TASK STATEMENT:
The records below hold a stretch from the line with "グラフィー(graphy) ホワイトベージュ/ハイトーンカラー" through the line with "Awards Academy YouTube）"; return exactly those lines, ends included, and nothing more.

INFORMATION SUPPLIED:
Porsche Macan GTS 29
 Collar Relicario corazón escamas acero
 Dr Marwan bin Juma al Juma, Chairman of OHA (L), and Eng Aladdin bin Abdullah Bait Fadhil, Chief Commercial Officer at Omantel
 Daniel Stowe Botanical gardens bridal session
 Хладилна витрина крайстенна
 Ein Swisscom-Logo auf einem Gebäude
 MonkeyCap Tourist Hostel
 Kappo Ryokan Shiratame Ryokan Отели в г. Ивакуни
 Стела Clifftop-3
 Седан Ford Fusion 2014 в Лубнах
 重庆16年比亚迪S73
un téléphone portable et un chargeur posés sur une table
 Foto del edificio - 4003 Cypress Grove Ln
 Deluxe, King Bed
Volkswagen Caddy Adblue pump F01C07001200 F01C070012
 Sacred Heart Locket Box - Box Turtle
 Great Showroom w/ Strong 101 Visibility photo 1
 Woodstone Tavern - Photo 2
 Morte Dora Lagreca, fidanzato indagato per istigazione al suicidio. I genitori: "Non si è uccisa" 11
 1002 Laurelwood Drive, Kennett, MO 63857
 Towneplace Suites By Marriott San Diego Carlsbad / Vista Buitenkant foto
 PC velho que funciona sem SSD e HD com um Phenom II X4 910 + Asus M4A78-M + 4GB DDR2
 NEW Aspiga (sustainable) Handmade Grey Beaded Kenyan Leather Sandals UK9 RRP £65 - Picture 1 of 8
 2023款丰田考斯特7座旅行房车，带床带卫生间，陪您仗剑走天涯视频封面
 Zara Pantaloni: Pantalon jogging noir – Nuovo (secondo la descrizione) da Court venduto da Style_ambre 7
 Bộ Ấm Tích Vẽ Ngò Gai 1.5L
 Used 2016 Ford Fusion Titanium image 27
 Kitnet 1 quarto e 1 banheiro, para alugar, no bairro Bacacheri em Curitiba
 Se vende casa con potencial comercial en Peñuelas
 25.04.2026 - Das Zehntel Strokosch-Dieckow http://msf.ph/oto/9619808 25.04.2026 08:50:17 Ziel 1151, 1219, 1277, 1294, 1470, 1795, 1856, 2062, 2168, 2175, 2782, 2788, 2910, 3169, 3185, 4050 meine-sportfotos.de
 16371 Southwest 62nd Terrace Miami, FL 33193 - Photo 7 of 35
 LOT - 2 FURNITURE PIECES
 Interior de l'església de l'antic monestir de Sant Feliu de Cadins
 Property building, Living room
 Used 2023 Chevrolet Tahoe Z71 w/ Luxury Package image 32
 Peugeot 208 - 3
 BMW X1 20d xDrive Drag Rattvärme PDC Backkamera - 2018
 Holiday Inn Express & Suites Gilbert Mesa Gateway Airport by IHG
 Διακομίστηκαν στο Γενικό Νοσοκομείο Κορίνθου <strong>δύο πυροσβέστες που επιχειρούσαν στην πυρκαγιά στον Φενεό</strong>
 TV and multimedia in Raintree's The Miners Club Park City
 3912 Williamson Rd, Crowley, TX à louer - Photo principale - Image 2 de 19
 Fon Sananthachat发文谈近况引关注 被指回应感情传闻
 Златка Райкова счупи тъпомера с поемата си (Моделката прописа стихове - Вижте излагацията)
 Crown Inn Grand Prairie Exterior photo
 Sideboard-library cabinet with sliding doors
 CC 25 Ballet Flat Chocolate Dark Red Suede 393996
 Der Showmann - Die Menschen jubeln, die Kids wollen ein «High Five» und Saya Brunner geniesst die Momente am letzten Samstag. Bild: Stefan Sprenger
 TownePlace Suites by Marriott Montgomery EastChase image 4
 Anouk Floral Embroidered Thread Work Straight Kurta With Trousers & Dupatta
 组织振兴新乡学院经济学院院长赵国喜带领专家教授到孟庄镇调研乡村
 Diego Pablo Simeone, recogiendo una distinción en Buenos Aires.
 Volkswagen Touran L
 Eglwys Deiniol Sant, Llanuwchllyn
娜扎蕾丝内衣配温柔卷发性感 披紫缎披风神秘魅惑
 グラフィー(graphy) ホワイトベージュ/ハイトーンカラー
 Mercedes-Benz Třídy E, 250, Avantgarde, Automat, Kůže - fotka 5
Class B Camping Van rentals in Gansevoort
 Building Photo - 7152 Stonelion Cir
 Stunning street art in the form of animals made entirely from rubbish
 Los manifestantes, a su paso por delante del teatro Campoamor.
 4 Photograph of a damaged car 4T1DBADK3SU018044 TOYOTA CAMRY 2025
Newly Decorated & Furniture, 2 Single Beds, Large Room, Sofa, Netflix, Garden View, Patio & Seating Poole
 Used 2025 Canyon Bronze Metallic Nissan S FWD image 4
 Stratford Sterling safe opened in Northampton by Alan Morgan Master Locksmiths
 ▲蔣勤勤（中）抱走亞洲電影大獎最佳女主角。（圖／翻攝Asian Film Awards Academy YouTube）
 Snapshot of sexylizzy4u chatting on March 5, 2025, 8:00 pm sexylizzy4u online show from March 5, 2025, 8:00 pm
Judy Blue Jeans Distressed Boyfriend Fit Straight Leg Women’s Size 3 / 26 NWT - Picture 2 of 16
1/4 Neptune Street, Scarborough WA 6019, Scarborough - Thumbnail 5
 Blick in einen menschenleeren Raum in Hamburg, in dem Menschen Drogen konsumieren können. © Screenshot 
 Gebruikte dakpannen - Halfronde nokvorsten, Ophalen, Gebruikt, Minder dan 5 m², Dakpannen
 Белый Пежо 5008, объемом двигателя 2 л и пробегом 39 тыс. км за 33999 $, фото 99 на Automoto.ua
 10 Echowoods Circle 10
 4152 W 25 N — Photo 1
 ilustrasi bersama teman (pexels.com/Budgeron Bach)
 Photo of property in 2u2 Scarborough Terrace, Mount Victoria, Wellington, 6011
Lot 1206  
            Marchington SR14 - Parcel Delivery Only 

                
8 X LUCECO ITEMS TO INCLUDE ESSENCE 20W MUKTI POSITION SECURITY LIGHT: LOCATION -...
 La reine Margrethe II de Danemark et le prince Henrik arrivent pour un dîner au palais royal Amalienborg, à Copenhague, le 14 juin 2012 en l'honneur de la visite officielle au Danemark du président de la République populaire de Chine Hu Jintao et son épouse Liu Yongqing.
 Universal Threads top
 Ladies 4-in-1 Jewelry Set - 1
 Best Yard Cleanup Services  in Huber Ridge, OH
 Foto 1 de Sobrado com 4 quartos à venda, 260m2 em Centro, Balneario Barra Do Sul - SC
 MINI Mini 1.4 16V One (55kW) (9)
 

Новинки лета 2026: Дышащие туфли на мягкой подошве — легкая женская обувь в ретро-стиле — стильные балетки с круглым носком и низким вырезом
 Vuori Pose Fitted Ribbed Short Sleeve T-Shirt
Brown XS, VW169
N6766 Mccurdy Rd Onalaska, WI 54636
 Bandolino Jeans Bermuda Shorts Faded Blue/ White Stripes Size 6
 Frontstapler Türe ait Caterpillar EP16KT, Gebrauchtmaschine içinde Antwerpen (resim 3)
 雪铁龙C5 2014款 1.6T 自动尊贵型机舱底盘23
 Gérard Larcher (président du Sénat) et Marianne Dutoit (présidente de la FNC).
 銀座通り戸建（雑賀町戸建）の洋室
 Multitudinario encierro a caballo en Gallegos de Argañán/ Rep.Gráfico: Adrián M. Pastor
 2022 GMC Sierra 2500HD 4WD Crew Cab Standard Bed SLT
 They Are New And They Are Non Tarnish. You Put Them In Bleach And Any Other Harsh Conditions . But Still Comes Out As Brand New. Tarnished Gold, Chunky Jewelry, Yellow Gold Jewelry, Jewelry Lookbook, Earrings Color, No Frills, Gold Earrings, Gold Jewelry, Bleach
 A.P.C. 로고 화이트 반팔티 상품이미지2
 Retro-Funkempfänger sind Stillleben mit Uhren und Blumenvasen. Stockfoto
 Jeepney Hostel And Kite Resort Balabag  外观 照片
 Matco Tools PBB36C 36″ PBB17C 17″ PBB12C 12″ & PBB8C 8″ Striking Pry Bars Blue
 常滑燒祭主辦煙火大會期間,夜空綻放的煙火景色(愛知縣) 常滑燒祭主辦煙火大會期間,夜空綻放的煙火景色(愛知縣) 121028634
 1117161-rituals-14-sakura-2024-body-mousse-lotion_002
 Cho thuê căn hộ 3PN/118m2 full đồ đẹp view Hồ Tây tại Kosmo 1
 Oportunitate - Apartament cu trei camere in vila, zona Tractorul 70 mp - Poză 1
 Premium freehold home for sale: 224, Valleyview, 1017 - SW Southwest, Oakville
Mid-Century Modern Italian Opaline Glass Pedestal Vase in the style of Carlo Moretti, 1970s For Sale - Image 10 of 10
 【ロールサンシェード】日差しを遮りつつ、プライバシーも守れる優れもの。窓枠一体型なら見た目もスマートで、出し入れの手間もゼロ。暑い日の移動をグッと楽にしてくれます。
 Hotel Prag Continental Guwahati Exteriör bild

PROBLEM SOLUTION:
 グラフィー(graphy) ホワイトベージュ/ハイトーンカラー
 Mercedes-Benz Třídy E, 250, Avantgarde, Automat, Kůže - fotka 5
Class B Camping Van rentals in Gansevoort
 Building Photo - 7152 Stonelion Cir
 Stunning street art in the form of animals made entirely from rubbish
 Los manifestantes, a su paso por delante del teatro Campoamor.
 4 Photograph of a damaged car 4T1DBADK3SU018044 TOYOTA CAMRY 2025
Newly Decorated & Furniture, 2 Single Beds, Large Room, Sofa, Netflix, Garden View, Patio & Seating Poole
 Used 2025 Canyon Bronze Metallic Nissan S FWD image 4
 Stratford Sterling safe opened in Northampton by Alan Morgan Master Locksmiths
 ▲蔣勤勤（中）抱走亞洲電影大獎最佳女主角。（圖／翻攝Asian Film Awards Academy YouTube）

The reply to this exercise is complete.